Records supplied:
=== Begin Enclosure ===

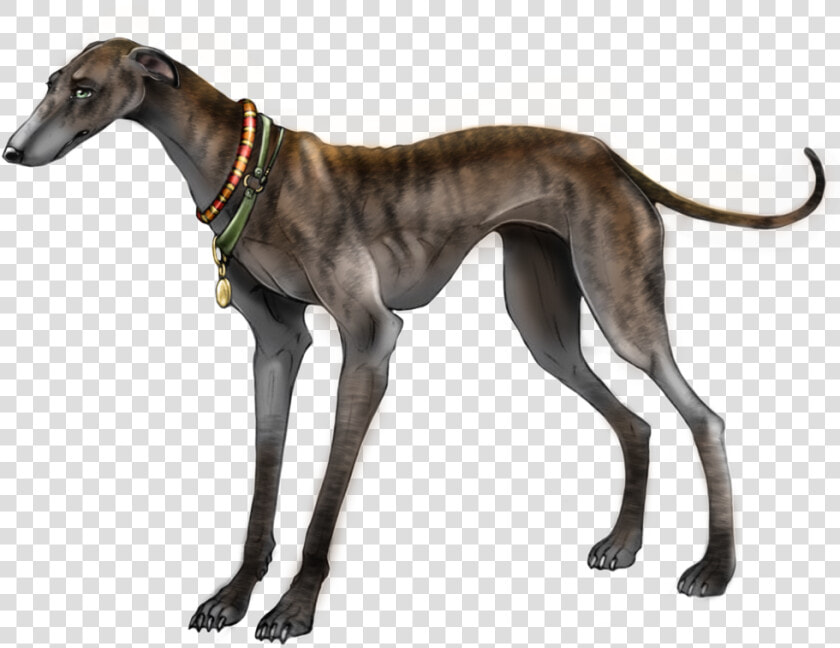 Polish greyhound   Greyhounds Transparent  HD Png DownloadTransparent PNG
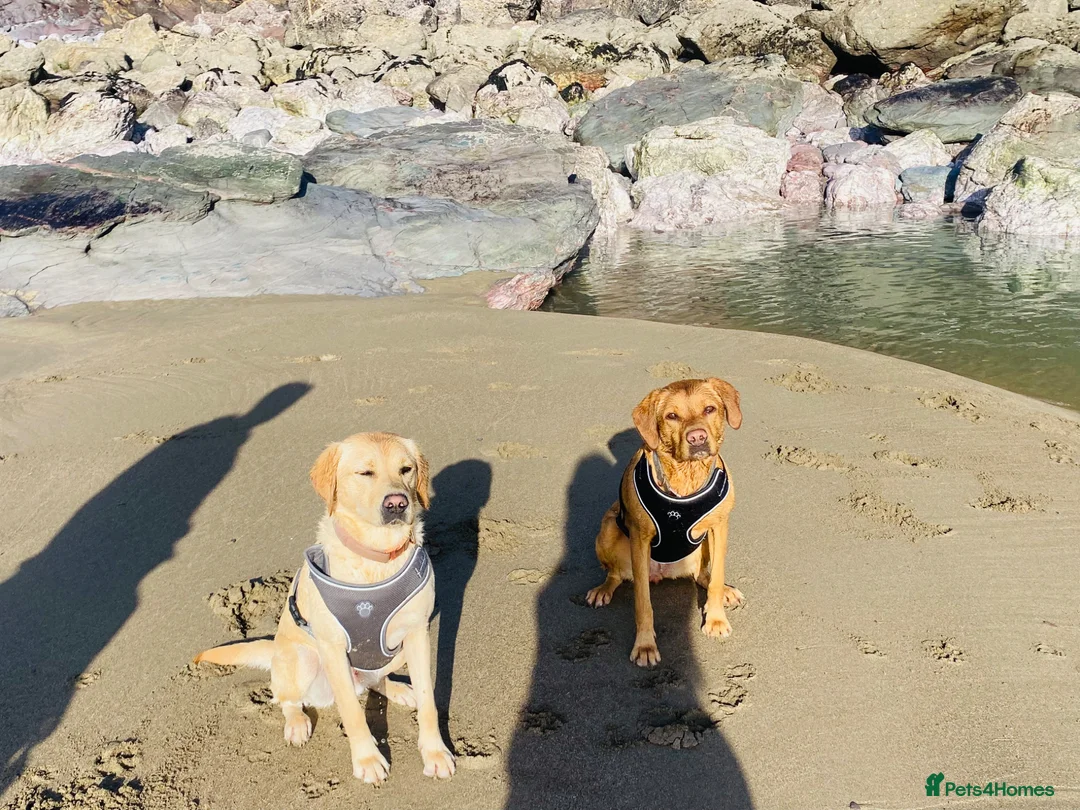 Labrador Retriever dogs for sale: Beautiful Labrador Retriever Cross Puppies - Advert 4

=== End Enclosure ===
=== Begin Enclosure ===

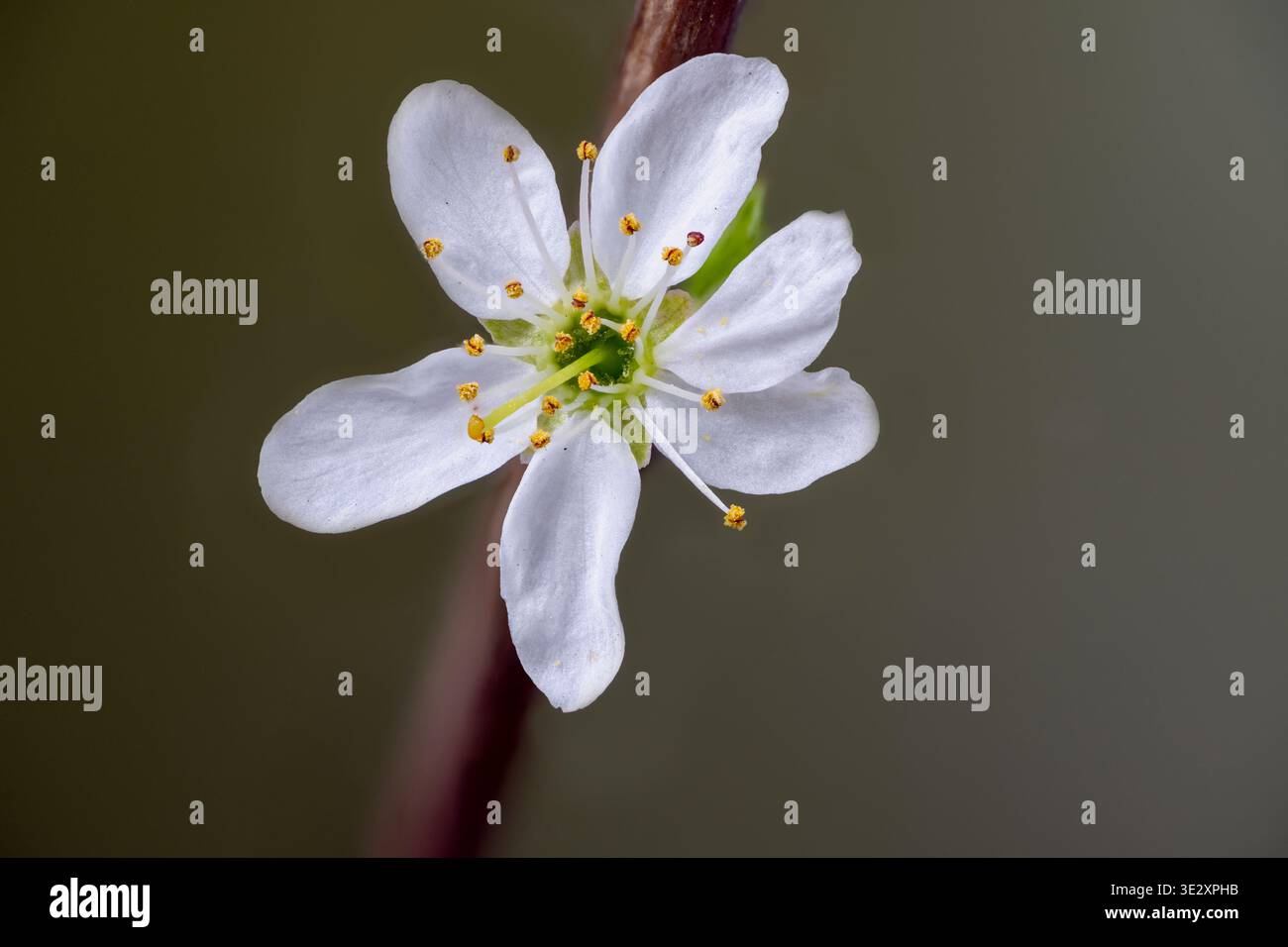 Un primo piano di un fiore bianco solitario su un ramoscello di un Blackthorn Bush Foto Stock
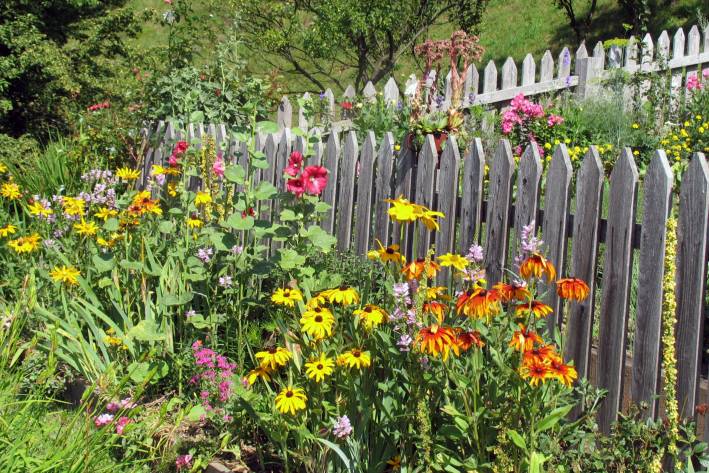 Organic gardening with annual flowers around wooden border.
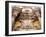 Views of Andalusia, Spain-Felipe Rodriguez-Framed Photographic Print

=== End Enclosure ===
=== Begin Enclosure ===

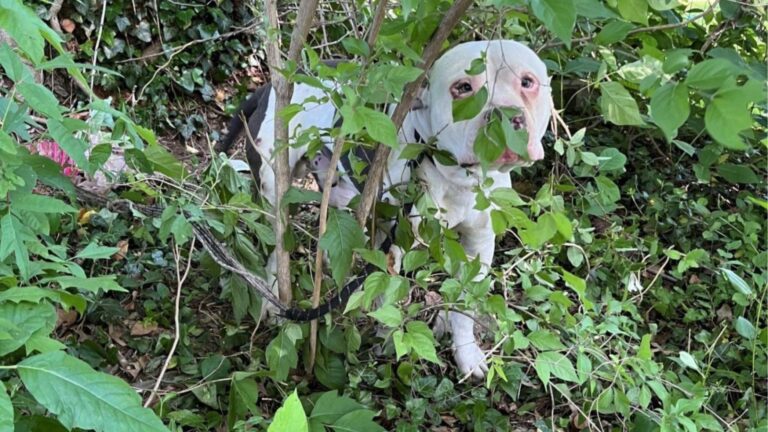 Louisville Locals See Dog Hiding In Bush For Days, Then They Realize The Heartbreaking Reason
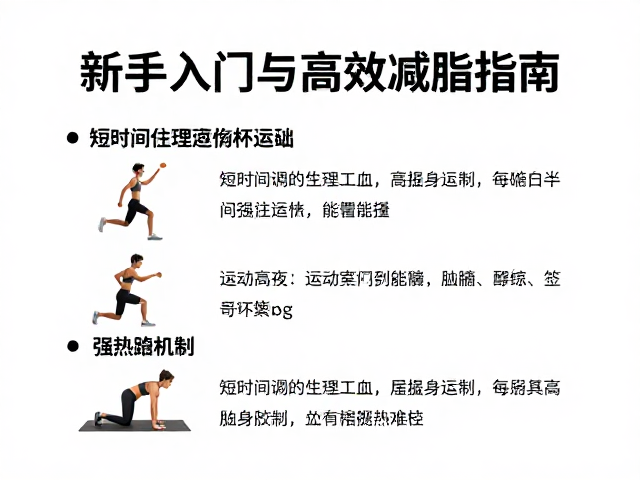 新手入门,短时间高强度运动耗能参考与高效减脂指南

=== End Enclosure ===

Exercise prompt: Begin at the line in the entries above that has "Png DownloadTransparent PNG", stop after the line that has "Labrador Retriever dogs", and output exactly those lines without pictures.

Your solution:
 Polish greyhound   Greyhounds Transparent  HD Png DownloadTransparent PNG
 Labrador Retriever dogs for sale: Beautiful Labrador Retriever Cross Puppies - Advert 4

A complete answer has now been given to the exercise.